The input START

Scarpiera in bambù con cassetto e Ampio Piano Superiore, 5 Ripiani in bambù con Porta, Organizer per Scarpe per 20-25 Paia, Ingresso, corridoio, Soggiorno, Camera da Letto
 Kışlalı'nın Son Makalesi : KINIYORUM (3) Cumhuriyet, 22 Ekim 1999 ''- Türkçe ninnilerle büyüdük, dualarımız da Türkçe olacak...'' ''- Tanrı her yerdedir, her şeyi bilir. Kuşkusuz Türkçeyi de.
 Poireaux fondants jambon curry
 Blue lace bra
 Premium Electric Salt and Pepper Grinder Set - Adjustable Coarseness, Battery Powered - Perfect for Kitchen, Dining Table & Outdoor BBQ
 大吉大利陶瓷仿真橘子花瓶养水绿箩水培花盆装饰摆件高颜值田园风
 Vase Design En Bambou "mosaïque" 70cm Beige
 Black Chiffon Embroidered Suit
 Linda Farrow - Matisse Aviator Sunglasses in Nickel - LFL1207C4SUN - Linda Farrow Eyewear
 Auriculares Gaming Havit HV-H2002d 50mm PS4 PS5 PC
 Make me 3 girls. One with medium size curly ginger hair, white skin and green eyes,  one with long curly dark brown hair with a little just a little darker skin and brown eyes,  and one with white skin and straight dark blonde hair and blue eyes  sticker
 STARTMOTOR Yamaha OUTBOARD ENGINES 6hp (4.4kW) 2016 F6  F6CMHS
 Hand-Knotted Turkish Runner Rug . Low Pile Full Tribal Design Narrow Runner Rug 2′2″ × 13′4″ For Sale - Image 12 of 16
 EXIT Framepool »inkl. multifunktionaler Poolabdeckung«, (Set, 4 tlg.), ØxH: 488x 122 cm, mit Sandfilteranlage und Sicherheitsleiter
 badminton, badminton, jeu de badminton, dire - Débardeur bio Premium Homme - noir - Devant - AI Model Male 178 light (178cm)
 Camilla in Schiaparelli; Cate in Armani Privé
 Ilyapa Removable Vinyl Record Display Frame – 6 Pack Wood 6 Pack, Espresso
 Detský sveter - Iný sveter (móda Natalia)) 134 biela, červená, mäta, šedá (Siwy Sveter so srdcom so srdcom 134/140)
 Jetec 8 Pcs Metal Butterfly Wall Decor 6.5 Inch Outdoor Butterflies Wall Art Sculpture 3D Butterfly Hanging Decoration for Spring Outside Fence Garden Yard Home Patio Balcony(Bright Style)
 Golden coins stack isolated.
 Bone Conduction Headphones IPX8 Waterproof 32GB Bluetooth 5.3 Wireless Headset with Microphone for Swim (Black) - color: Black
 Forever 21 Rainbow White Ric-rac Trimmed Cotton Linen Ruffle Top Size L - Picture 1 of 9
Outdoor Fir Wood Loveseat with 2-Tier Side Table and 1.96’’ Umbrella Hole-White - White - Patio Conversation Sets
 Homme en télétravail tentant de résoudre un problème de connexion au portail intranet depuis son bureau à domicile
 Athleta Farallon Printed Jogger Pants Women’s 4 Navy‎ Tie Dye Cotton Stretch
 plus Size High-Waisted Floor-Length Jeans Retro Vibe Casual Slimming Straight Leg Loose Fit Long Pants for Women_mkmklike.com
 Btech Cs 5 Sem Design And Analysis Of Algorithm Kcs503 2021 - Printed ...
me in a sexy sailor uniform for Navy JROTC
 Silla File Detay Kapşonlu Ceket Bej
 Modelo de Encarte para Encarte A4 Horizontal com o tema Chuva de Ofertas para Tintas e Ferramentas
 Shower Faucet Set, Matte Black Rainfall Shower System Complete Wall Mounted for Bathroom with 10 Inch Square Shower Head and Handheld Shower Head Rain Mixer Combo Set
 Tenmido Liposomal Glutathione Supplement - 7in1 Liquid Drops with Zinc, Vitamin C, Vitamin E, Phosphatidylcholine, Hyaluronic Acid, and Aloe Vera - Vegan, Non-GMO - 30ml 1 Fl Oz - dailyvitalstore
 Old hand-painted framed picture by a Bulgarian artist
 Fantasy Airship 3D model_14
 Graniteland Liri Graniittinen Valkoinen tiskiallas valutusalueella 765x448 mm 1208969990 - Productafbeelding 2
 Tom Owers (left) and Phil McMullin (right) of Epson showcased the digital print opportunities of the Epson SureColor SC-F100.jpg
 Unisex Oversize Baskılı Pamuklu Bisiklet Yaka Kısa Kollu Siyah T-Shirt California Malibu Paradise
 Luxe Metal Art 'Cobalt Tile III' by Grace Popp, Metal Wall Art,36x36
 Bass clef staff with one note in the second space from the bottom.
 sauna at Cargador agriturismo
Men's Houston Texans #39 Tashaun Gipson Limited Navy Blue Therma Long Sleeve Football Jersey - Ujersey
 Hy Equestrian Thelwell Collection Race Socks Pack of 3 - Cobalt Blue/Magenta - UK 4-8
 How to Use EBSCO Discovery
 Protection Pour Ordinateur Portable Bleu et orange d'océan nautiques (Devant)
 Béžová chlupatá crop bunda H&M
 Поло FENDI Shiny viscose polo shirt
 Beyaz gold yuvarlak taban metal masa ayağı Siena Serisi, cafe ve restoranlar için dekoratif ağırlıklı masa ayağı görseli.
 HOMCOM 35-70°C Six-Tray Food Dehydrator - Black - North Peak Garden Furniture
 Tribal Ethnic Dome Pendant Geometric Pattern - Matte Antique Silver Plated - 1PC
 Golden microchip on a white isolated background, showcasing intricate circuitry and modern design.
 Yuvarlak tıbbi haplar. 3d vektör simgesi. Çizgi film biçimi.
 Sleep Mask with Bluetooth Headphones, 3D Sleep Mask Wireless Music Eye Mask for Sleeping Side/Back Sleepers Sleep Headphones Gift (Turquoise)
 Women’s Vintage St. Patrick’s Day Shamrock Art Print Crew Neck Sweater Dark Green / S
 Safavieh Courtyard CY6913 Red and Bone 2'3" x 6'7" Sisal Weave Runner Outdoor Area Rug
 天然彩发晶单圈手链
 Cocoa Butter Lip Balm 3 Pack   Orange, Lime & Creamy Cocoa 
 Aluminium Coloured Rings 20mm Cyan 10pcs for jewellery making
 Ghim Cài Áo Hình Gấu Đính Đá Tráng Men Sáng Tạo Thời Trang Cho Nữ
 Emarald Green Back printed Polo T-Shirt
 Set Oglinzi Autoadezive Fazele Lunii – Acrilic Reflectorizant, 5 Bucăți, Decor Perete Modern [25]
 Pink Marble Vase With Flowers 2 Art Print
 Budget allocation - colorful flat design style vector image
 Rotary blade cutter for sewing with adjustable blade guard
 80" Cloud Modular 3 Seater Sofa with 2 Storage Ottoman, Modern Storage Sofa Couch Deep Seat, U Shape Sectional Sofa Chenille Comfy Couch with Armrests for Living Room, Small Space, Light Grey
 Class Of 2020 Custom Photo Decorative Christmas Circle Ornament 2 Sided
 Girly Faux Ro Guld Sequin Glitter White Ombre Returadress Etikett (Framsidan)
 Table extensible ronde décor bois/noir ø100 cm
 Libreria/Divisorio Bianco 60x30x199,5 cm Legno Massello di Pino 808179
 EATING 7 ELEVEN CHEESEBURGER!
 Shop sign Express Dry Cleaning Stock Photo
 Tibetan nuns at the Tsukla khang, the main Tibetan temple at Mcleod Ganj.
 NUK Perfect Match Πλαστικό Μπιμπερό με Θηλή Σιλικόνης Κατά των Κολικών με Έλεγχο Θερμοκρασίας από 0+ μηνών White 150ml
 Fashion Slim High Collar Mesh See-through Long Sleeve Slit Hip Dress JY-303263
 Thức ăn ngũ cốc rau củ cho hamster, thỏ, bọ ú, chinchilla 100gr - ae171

The input END

=== What you will do ===
Repeat the material word for word from its opening line up to and including the line containing "Hand-Knotted Turkish Runner".

=== Answer section ===
Scarpiera in bambù con cassetto e Ampio Piano Superiore, 5 Ripiani in bambù con Porta, Organizer per Scarpe per 20-25 Paia, Ingresso, corridoio, Soggiorno, Camera da Letto
 Kışlalı'nın Son Makalesi : KINIYORUM (3) Cumhuriyet, 22 Ekim 1999 ''- Türkçe ninnilerle büyüdük, dualarımız da Türkçe olacak...'' ''- Tanrı her yerdedir, her şeyi bilir. Kuşkusuz Türkçeyi de.
 Poireaux fondants jambon curry
 Blue lace bra
 Premium Electric Salt and Pepper Grinder Set - Adjustable Coarseness, Battery Powered - Perfect for Kitchen, Dining Table & Outdoor BBQ
 大吉大利陶瓷仿真橘子花瓶养水绿箩水培花盆装饰摆件高颜值田园风
 Vase Design En Bambou "mosaïque" 70cm Beige
 Black Chiffon Embroidered Suit
 Linda Farrow - Matisse Aviator Sunglasses in Nickel - LFL1207C4SUN - Linda Farrow Eyewear
 Auriculares Gaming Havit HV-H2002d 50mm PS4 PS5 PC
 Make me 3 girls. One with medium size curly ginger hair, white skin and green eyes,  one with long curly dark brown hair with a little just a little darker skin and brown eyes,  and one with white skin and straight dark blonde hair and blue eyes  sticker
 STARTMOTOR Yamaha OUTBOARD ENGINES 6hp (4.4kW) 2016 F6  F6CMHS
 Hand-Knotted Turkish Runner Rug . Low Pile Full Tribal Design Narrow Runner Rug 2′2″ × 13′4″ For Sale - Image 12 of 16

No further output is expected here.